India Bans Sterilization Drug

Filed at 12:06 p.m. ESTJanuary 10, 1999

By The Associated Press

CALCUTTA, India (AP) -- Most everyone agrees India's biggest problem is its population, which has soared from 350 million a half century ago to nearly 1 billion today.

So some Indian doctors were baffled, even angered, when the government banned quinacrine, an inexpensive anti-malarial drug that has been used for two decades in a non-surgical method of female sterilization.

Quinacrine's advocates praise it as accessible to even the poorest of women in rural India. Opponents criticize it for just that reason, contending a method that the World Health Organization says could cause cancer is being used on Third World guinea pigs.

Women's rights activists fueled the campaign that in August led India's government to outlaw the import, manufacture, sale and distribution of contraceptive pellets made of quinacrine.

When quinacrine is inserted in the uterus in pellet form, it irreversibly scars the fallopian tubes and prevents pregnancies.

The procedure is performed without anesthesia and can be painful. Side effects include abnormal menstrual bleeding, backaches, fever, abdominal pain and headaches. In addition, tests have found that under some conditions quinacrine could be linked to cancer.

Quinacrine is not approved for use in the United States. Nearly all major family-planning organizations, many foreign governments and the World Health Organization oppose its use for sterilization.

Indian doctors who have performed quinacrine sterilizations said the ban has more to do with politics than medicine. A large part of the controversy around its use has arisen because the drug is exported to Asian countries free of cost by two American doctors who have links to anti-immigrant groups in the United States.

Quinacrine ``should first be used on white women in the First World,'' said Dr. Mohan Rao, professor for social medicine and community health at New Delhi's Jawaharlal Nehru University, his rhetoric underlining how bitter the debate has become.

Many poor Indian women have opted for quinacrine sterilization because it does not force them to stop working, and it allows them to keep the decision from husbands who may not want them to stop having children.

``In their lives, quality has little meaning. Simple access to health care is all they can hope for,'' said C.M. Pramanik, who has performed more than 500 such operations in rural Bengal.

Protima Das, 45, was sterilized 15 years ago by Pramanik, a practitioner with a degree in alternative medicine. Homeopathy and other traditional medicines are popular in rural India, where many people are suspicious of Western medicine and surgery.

``I think it has served me well,'' said Das, a soft-spoken mother of three who lives in a sleepy village a few hours drive outside Calcutta.

She says it was recommended by her doctor, who said it was trouble-free and inexpensive. She does not recall being warned of possible health hazards.

Das is a perfect example of how poor, uneducated women can be misled about medical treatment, women's groups say. The method is so simple that people like Pramanik, who are not doctors, can perform it even though they may not be able to give women advice about possible consequences.

But doctors who have used the drug for years say it should be allowed -- unless it is proved unsafe -- because it is at times the only option for poor working women looking for cheap, noninvasive sterilization. The ban announced in August means there can be no trials in India to either prove the method is safe or confirm it is dangerous.

Four years ago, two Indian researchers, Dr. Anita Sabbarwal and Dr. Maya Sood, reportedly found quinacrine sterilization to be safe. But today, because of the controversy, they refuse to discuss their findings.

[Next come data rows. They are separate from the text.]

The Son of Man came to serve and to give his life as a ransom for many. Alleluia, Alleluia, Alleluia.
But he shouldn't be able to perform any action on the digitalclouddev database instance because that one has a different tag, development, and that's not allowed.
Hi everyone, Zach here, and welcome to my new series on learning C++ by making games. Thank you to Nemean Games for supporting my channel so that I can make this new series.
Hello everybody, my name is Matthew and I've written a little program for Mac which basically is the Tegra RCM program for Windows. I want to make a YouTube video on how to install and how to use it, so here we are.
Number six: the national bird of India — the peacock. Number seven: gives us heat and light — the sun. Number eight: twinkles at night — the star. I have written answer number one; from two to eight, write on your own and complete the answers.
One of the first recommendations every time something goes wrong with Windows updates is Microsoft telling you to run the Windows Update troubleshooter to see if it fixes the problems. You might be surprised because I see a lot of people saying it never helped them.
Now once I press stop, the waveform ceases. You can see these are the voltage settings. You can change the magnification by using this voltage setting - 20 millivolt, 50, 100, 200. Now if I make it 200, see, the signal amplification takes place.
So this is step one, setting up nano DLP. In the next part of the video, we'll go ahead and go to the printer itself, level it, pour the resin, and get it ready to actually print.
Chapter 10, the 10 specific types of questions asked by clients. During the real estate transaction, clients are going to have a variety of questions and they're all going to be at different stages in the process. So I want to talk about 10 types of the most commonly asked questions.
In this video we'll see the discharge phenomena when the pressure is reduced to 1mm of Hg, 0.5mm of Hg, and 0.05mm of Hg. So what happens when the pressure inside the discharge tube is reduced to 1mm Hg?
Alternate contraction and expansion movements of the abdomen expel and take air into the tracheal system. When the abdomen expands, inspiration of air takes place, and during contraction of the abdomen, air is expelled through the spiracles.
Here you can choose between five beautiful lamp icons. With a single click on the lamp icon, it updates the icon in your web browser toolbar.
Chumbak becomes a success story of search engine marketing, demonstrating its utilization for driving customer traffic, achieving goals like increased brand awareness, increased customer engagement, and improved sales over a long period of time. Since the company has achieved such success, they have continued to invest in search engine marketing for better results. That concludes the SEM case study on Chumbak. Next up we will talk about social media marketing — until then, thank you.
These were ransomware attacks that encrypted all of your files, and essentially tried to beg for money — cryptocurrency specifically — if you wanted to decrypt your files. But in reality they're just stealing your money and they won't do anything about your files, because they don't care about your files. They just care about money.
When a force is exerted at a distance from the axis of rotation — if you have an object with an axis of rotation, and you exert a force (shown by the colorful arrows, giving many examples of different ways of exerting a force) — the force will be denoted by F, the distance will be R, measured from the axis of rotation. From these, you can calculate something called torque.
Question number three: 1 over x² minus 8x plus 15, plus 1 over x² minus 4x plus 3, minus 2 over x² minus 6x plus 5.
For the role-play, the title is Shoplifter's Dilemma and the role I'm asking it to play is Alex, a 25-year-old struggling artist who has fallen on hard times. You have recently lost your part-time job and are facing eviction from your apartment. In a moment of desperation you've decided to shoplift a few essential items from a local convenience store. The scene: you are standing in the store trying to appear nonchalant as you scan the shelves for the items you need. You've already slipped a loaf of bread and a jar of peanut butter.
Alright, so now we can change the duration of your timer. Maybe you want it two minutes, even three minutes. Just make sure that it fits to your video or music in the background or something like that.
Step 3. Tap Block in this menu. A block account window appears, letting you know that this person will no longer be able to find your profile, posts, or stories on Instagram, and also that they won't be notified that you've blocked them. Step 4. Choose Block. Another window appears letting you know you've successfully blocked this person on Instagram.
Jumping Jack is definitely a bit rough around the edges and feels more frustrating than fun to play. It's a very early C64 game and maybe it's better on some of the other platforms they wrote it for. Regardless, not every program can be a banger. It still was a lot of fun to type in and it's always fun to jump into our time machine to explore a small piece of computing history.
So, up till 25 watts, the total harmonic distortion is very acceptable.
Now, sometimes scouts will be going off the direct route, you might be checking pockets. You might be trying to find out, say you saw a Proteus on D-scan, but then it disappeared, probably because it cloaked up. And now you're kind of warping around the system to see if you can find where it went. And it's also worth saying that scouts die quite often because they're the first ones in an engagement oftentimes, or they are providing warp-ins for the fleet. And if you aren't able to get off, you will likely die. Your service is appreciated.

``If the drug causes cancer, I don't want to promote it,'' said Dr. J.K. Jain, a surgeon who has lobbied the government to allow the use of quinacrine and has distributed the drug to thousands of doctors and health workers across northern and eastern India.

``But pregnancy itself is a killer,'' he added. ``If the drug has so much potential to improve the lives of women in the reproductive age, it should be allowed.''

More than 500,000 women, mostly from the poor South Asian subcontinent, die every year from complications arising from childbirth. Health facilities are less than rudimentary, with federal spending on health in India averaging about 30 cents a person.

Sterilization itself has been an explosive issue in India. The country's first attempt at mass population control ended a failure in the mid-1970s under the direction of Sanjay Gandhi, son of then-Prime Minster Indira Gandhi. The younger Gandhi was accused of forcing people to be sterilized and setting up programs under which people were sterilized without their knowledge.

Since then, India has had a more cautious approach -- critics say too cautious. Government officials favor educating people about the benefits of smaller families and offering incentives, such as a one-time cash reward, to persuade people to limit families. The new methods have found limited success in largely traditional India, where women are encouraged to have many children, especially sons.